Further support of using wordless pictures for individuals with intellectual disability beyond Cohn's (2020) processing visual information theory (see Section 3.2) stems from the Dual Coding Theory (Paivio, 1971, 2014). The theory presumes that there are two cognitive subsystems, one focused on representation and processing of nonverbal objects/events and the other on words and language. In the same vein, the picture superiority effect claims that pictures are better remembered than the corresponding words when it comes to recalling and recognising information, because they are mentally represented in both linguistic and perceptual codes. Thus, people can generate more than one code for pictures which enhances memorability (Curran & Doyle, 2011; Nelson et al., 1976; Stebner et al., 2017).

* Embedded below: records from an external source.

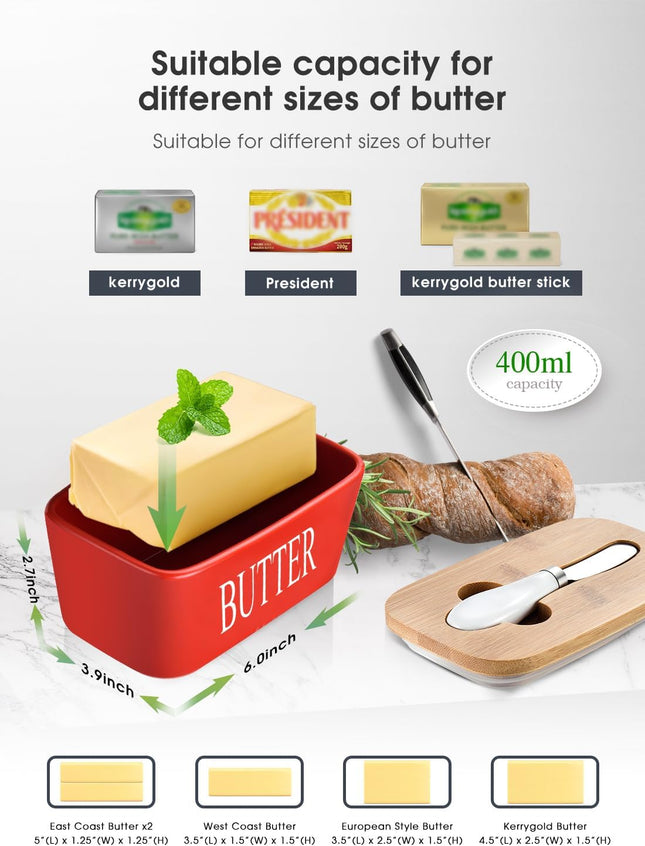 AISBUGUR Large Butter Dish with Lid Ceramics Butter Keeper Container with Knife and High- Quality Silicone Sealing Butte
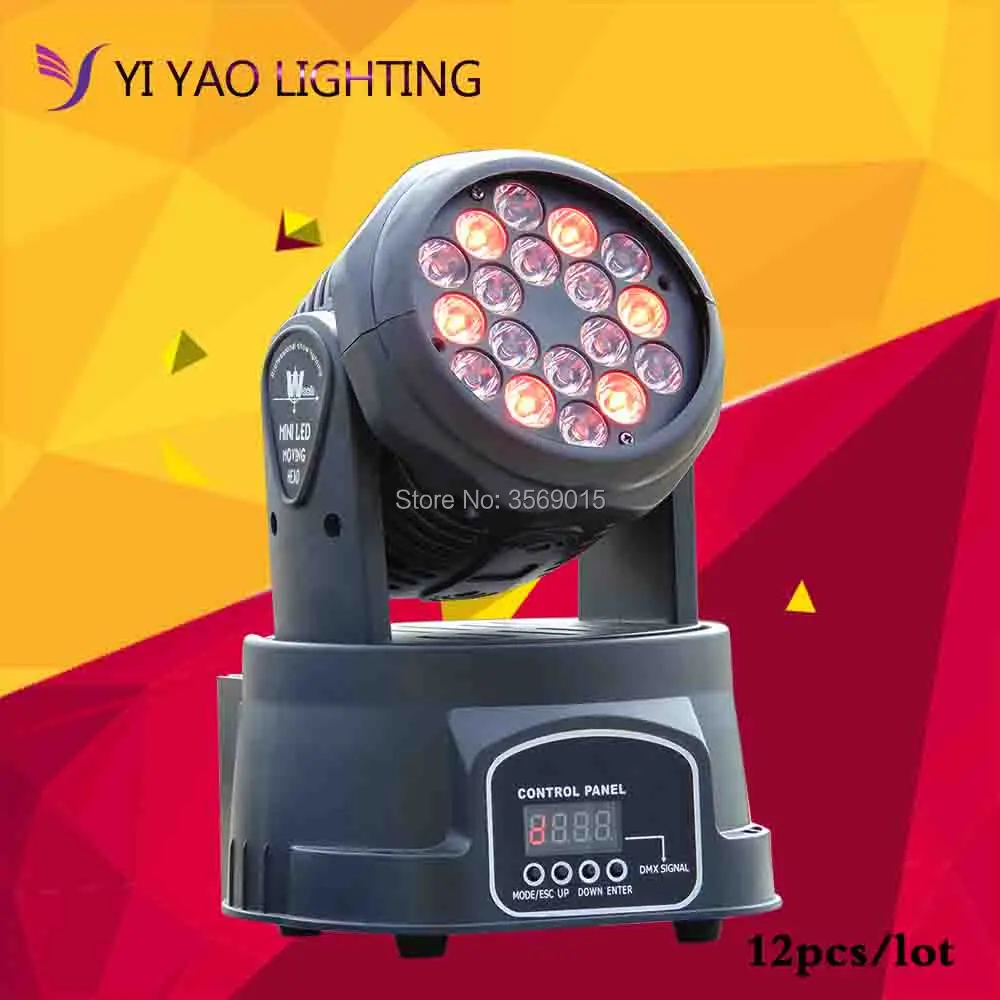 

12pcs/lot 18x3w RGB CREE LED mini Moving Head Light Wash Light For Stage Lighting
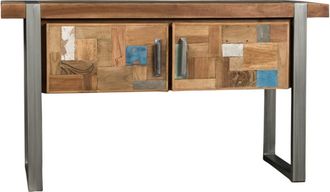 Wanda Collection Mueble doble para cuarto de baño teca metal 140 cm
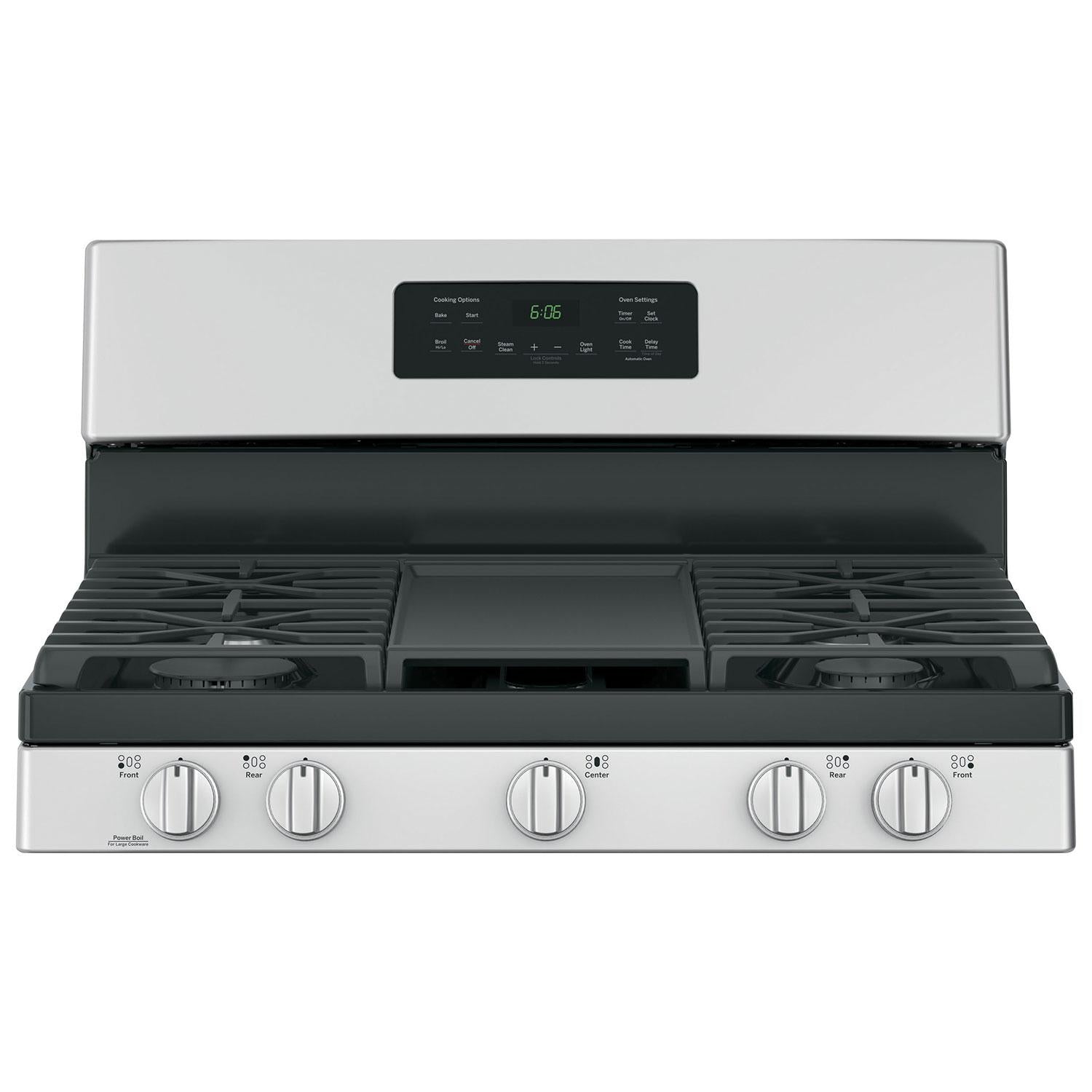 GE 30-inch Freestanding Gas Range with Steam Clean JCGBS66SEKSS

In the current study, there was a wide range of chronological ages (28–55). In order to determine whether correlations with age stem from the advantage of the older participants, we divided participants with intellectual disability into two groups (older or younger than 40). T‐test analysis yielded no significant differences in mental age according to the PPVT between the two age groups. Furthermore, in this study we did not conduct any targeted intervention of storytelling. Thus, the correlation between storytelling and chronological age that was found in our study can be attributed to the maturity of adults with intellectual disability and their cumulative life experience that helps them acquire and improve their repertoire of narrative macro‐structure skills. In addition, our participants with intellectual disability attend the Empowerment Project. (Lifshitz et al., 2016) which is positively linked with performance on crystallised and fluid intelligence tests. The storytelling of adults with intellectual disability who do not participate in PSE should therefore be examined.

CONCLUSIONS

Narrative retelling, especially in a multi‐episode narrative, involves complex operations. To our knowledge, this is the first study to investigate the narrative abilities of adults with intellectual disability focusing in on microstructure, macrostructure and ISTs compared to TD peers. In this study, narratives, as in former studies of children and adolescents with intellectual disability, were produced from a wordless story book. In the narrative analysis conducted, it was important for us to relate inclusively to microstructure, macrostructure and internal state terms. For these narrative measures, we examined 20 microstructure components, 16 macrostructure components and 7 internal state terms. These 43 different components were examined in order to allow future research related to narrative ability analysis in general and narrative analysis among adults with intellectual disability, in particular, to focus on the components that distinguish between groups.

These study findings may suggest that adults with intellectual disability have acquired the conceptual knowledge needed for producing the story scheme, relating the character's thoughts and emotions. It has been evidenced that in spite of their weakness in expressing coherence in complex and grammatical sentences, their macrostructure skills and their basic microstructure skills serve as compensation in better story production. It may be explained that these skills are still developing due to age, life experience and the influence of their academic environment. The new knowledge about narrative skills by adults with intellectual disability, their strengths and weaknesses may challenge long‐held perspectives about the ability of storytellers with intellectual disabilities and enable them to gradually develop their narrative language. It will also enable researchers to approach narrative and other storytelling‐based methodologies in a more responsive way.